On April 26, 1864, John Darwin Chase boarded the ship “Monarch of the Sea,’ and sailed home with Parley P. Pratt, again a companion. The ship carried 973 souls from Liverpool to America. The ship on its return voyage to Liverpool, while loaded with cargo, sank.
John Chase and his five daughters

In early 1873 tragedy struck John’s family when an epidemic of small pox hit Moroni and surrounding areas in Utah. On February 23, 1873, Almira Higgins Chase, wife of John Darwin Chase, died of small pox at the age of 43. John and Almira’s daughter, Clarrisa Chase Fox, died 8 March 1873 and a second daughter Amy died eight days later. The trials continue. Amos Chase, John Darwin’s oldest son drowned while inspecting a dam on the Sevier River in May of 1880, leaving a pregnant wife and seven children.
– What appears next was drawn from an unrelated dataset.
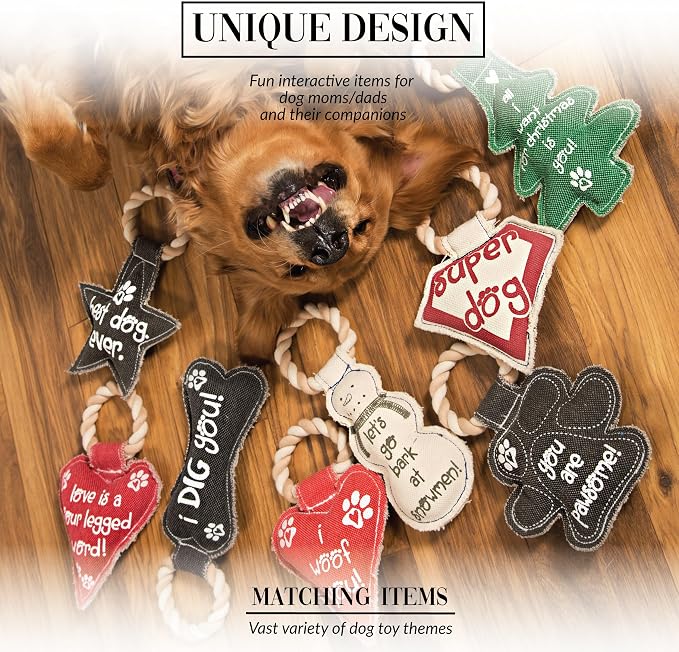 Pavilion Gift Company 45610 Pavilion's Pets-Red Heart Shaped Canvas and Rope Dog Squeaky Toy-I Woof You, Dogs, Medium- Large Breeds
John moved to the Nephi area where he was appointed U. S. Commissioner for Juab County. In 1884 John Darwin Chase was called on a mission to his native Vermont and while there gathered some genealogy, later on enabling him to perform temple work for many of his family. He was ordained a Patriarch on June 13, 1897 by Joseph F. Smith. John moved to Huntington, Emery, Utah in 1890 where he lived until his death on July 21, 1902, at age 86. He was buried next to Almira Higgins Chase in the Moroni City Cemetery at Moroni, Sanpete, Utah.